When we say that .999~ represents an unending series, you can never subtract .999~ from .999~ and find a place where the difference is .000~1. (By the definition we are using .999~ is an infinite sequence. I have no idea what you mean when you say it isn’t. The tilda at the end is equivalent to using … at the end. Both are notations that mean infinite, again by definition.) You can’t just want the one to be there. It’s not there. It can’t be there, because by definition the infinite’th place doesn’t exist. Whenever you try to stick an infinite’th place in, the rest of us using the standard definition will point out your error.

The reason we like the standard definition is that it solves the problems that once were intractable, like Zero’s Paradox. (Also, please note that the paradox can be represented in a literally infinite number of ways. 1/2 + 1/4 + 1/8 + … = 1 is just another way of expressing 0.9 + 0.09 + 0.009 + … =1. You can find infinite expansions that grow much more slowly yet equal 1. And expansions can converse on any number. Pi must be calculated by an infinite sum. There are an infinite number of these expansions, I believe, yet they all exactly equal pi. Not approximately equal pi; not come close to pi in the terms we can calculate; exactly equal pi.

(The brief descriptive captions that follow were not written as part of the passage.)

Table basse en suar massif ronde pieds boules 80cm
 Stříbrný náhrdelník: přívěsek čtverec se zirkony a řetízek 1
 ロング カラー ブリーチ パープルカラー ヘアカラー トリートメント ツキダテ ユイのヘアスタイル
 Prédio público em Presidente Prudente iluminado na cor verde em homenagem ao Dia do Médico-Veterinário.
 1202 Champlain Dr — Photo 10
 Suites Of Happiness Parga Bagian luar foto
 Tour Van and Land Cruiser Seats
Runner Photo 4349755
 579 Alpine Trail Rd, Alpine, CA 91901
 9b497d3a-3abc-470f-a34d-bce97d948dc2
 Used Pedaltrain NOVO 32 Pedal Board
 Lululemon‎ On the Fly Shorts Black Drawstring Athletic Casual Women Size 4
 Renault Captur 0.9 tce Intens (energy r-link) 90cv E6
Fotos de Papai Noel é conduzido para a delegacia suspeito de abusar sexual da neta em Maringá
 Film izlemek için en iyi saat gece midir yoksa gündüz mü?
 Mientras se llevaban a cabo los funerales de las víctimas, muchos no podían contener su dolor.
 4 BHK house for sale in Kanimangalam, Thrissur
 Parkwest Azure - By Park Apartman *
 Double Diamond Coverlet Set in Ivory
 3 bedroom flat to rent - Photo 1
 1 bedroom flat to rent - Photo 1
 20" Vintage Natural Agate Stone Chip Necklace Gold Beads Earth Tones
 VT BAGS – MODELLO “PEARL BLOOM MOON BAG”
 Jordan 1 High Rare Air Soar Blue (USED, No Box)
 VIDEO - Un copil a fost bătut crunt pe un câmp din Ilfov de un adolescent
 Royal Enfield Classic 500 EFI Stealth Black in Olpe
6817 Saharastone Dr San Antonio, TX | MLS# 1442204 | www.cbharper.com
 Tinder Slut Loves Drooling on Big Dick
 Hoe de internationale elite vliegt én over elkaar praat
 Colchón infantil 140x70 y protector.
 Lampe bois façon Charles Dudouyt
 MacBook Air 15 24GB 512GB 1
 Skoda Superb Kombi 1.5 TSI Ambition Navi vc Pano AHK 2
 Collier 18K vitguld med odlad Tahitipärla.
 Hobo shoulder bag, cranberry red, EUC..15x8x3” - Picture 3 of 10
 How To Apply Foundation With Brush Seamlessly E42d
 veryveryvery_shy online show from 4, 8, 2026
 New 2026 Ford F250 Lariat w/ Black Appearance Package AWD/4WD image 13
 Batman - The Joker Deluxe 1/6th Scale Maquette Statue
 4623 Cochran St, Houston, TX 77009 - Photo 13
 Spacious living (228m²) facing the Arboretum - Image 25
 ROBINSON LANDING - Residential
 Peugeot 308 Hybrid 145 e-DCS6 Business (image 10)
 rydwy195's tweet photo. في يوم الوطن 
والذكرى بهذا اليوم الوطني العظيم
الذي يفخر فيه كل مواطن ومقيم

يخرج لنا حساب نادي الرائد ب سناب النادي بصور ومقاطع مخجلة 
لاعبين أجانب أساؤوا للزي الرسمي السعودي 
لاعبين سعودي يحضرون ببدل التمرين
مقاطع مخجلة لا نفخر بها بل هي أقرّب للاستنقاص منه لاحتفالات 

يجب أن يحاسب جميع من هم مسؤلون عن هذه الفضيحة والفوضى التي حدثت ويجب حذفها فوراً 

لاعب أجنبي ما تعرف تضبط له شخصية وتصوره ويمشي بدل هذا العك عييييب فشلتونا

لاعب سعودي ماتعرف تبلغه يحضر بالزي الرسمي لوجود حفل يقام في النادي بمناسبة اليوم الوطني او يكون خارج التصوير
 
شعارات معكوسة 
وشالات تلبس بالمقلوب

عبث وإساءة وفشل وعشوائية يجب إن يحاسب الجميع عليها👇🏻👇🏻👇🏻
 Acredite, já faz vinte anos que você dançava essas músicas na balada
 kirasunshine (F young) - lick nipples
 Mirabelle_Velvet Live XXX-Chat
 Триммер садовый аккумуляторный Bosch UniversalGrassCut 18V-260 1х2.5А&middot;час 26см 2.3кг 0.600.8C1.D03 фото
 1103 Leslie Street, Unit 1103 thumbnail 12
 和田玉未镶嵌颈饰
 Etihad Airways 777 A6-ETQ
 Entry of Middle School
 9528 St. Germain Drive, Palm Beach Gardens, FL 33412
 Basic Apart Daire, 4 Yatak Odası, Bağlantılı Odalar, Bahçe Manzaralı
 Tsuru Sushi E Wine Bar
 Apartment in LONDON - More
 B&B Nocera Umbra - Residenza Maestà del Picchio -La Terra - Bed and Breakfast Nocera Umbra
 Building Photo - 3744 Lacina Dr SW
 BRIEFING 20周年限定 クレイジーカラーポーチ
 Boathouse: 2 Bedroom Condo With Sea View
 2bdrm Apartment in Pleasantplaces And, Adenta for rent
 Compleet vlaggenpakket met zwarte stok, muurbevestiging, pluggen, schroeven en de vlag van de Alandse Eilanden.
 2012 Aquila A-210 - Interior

All this is incredibly useful and all this is derivable only because of the definition of endless.)

If you can’t accept that math is entirely axioms, definitions, and proofs derived from them in a rigorous and non-contradictory way, then you can’t accept math at all. You can change the axioms and definitions and get whole and consistent sets of proofs. Everybody agrees that’s true. But once you choose your axioms and definitions, the rest follows and you don’t get to pick which you like and which you don’t.

By the way in Computer Science we talk about computing infinite strings all the time, despite the fact that a computer never could. I would refer you to Turing Machines.

How is the infinity in Zeno’s Paradox different than the infinity of a repeating decimal expansion?

People seem to want to say we cannot ever reach the end of an infinite sequence, but yet do so to solve Zeno’s Paradox. So I would say that is a contradiction there. You must throw out one or the other, from my perspective?

which is incorrect or how are they different?

That it uses the word “Axiom” rather than “Definition” is cold comfort…

Furthermore, I see from your first post that the version of the Axiom of Archimedes you use is “For any positive ɛ there is a finite integer N such that Nɛ > 1”.

This is literally the statement “Every positive ɛ is non-infinitesimal”, or, in other words, “There are no (nonzero) infinitesimals”. It doesn’t use the word “infinitesimal”, but only because it hasn’t been translated in that fashion; the definition of “infinitesimal” is “ɛ is infinitesimal if there is not a finite integer N such that Nɛ > 1”.

So the Axiom of Archimedes is not at all intuitive (or true) if you have a numeric system in mind that makes infinitesimal distinctions. It doesn’t bring anything to the table other than “Let’s agree not to draw infinitesimal distinctions”.

well, I shouldn’t say all the time… but we do. :wink:

I’m aware, I was pointing out how infinity (aleph null) is different from regular numbers. Since it’s not a single value, “infinitieth” place has no meaning. Which place is that? Whichever place you choose, including the ill-defined “infinitieth” will have another place after it.

Well, yeah, you can trivially make a TM or FSM (or whatever else) that can accept an infinite string, but if you give it a string that it can accept, I can guarantee you it won’t halt (for instance, an FSM with two states, a starting state acceptor with a self-loop on a, and a transition to a rejecting state on any other input will never halt given an infinite string of a’s). I’m not sure what your point is. In comp sci we talk about infinite strings, in math we do too. I’m not sure what you’re trying to say.

My comment about computer science was in hindsight irrevlivent.
okay fair enough you point about another place after it as well.

So how do reconcile the anology i am making to Zeno’S Parodox then? We progress through an infinite number of halves:
1/2 + 1/4 + 1/8 + … + 1/infinity to get from point A to point B

I am relating each of these points to numeral in the number .999… or 1.000… how is this a different infinity?

You’re making the mistake of writing 1/infinity in the first place. In the Real number system, 1/infinity is undefined.

1/2 + 1/4 + 1/8 …

There is no 1/infinity, only a series of smaller and smaller points, forever and ever, in perpetuity. Whichever numbered term you pick, there’s another one after it. That’s literally the definition of infinite.

Okay… is it fair to say there is no final point in this 1 mile walk anology of Zeno’s Paradox? We never reach a final point here? How do we get to B?